TASK GOAL -
Write out exactly the lines running from the one with "Cours de dessin" to the end of the data, including both of those lines and excluding pictures.

[Opening DATASET CONTENT section]

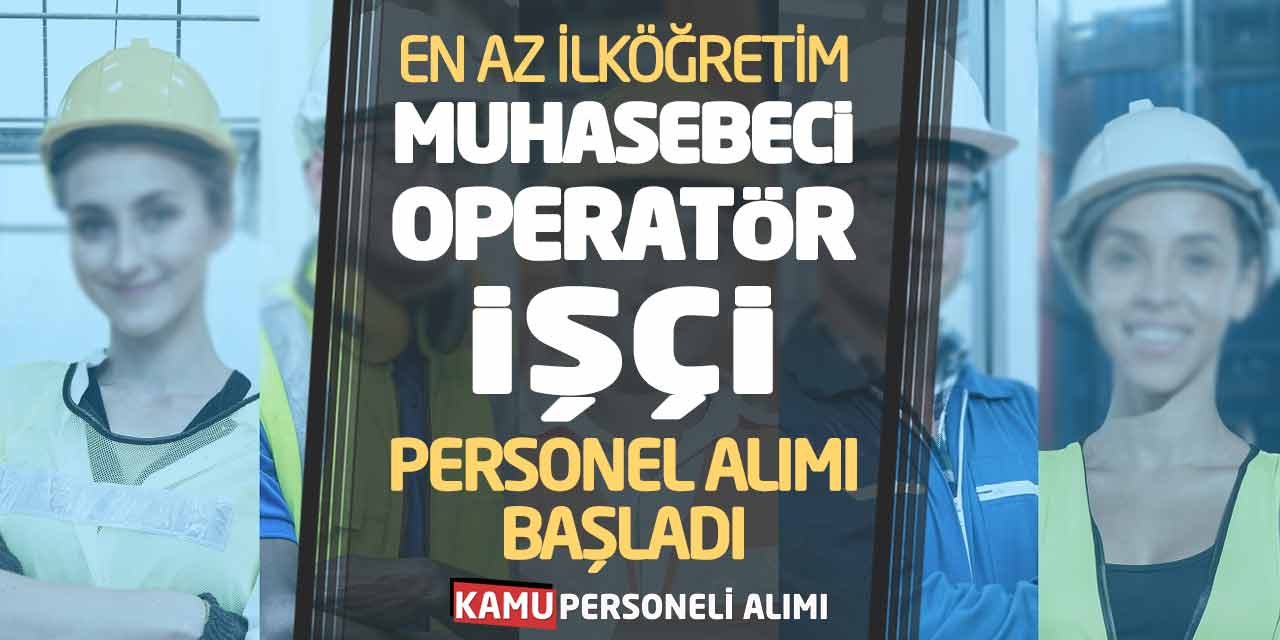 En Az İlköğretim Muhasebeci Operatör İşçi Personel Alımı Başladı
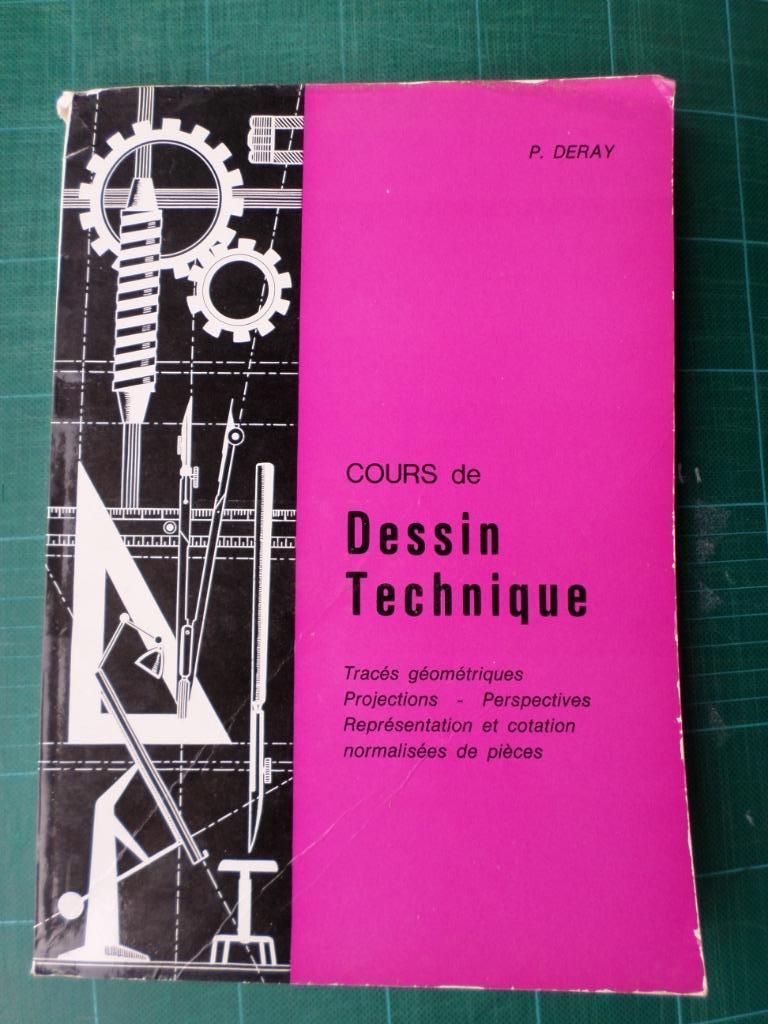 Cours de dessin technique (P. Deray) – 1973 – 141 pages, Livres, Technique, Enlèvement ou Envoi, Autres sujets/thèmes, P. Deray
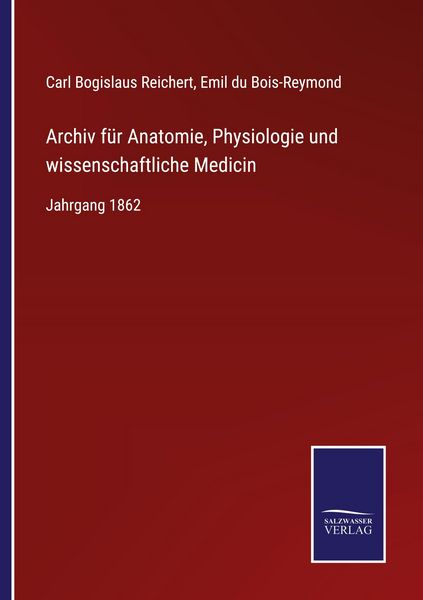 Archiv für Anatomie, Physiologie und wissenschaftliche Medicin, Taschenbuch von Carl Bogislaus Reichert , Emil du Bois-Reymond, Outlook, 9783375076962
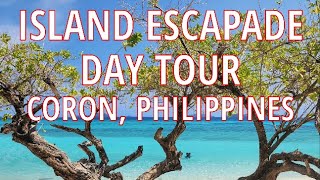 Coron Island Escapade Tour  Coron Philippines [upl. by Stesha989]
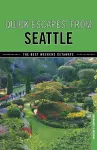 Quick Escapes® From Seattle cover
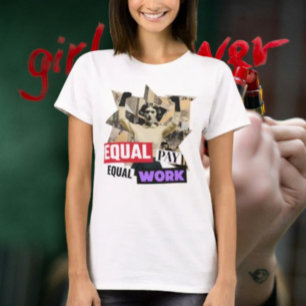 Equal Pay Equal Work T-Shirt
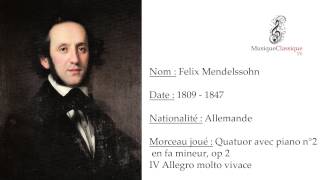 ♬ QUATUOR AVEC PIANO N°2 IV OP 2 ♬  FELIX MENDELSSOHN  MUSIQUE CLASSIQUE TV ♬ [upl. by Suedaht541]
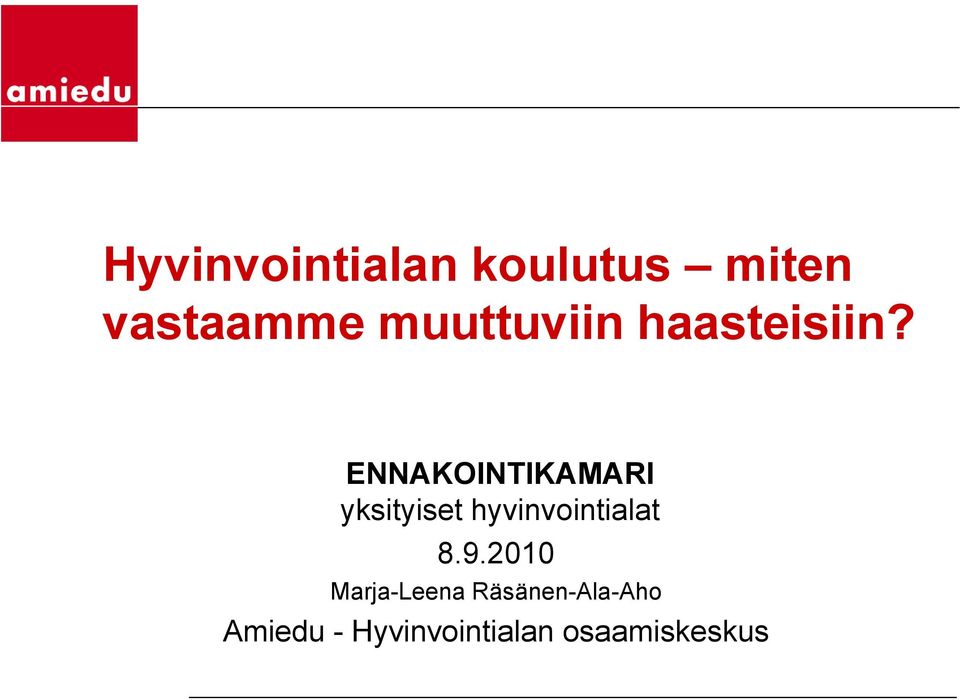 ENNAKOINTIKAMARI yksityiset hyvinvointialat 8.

[Closing DATASET CONTENT section]

RESPONSE FOR THIS EXERCISE -
 Cours de dessin technique (P. Deray) – 1973 – 141 pages, Livres, Technique, Enlèvement ou Envoi, Autres sujets/thèmes, P. Deray
 Archiv für Anatomie, Physiologie und wissenschaftliche Medicin, Taschenbuch von Carl Bogislaus Reichert , Emil du Bois-Reymond, Outlook, 9783375076962
 Coron Island Escapade Tour  Coron Philippines [upl. by Stesha989]
 Quick Escapes® From Seattle cover
 Equal Pay Equal Work T-Shirt
 ♬ QUATUOR AVEC PIANO N°2 IV OP 2 ♬  FELIX MENDELSSOHN  MUSIQUE CLASSIQUE TV ♬ [upl. by Suedaht541]
 ENNAKOINTIKAMARI yksityiset hyvinvointialat 8.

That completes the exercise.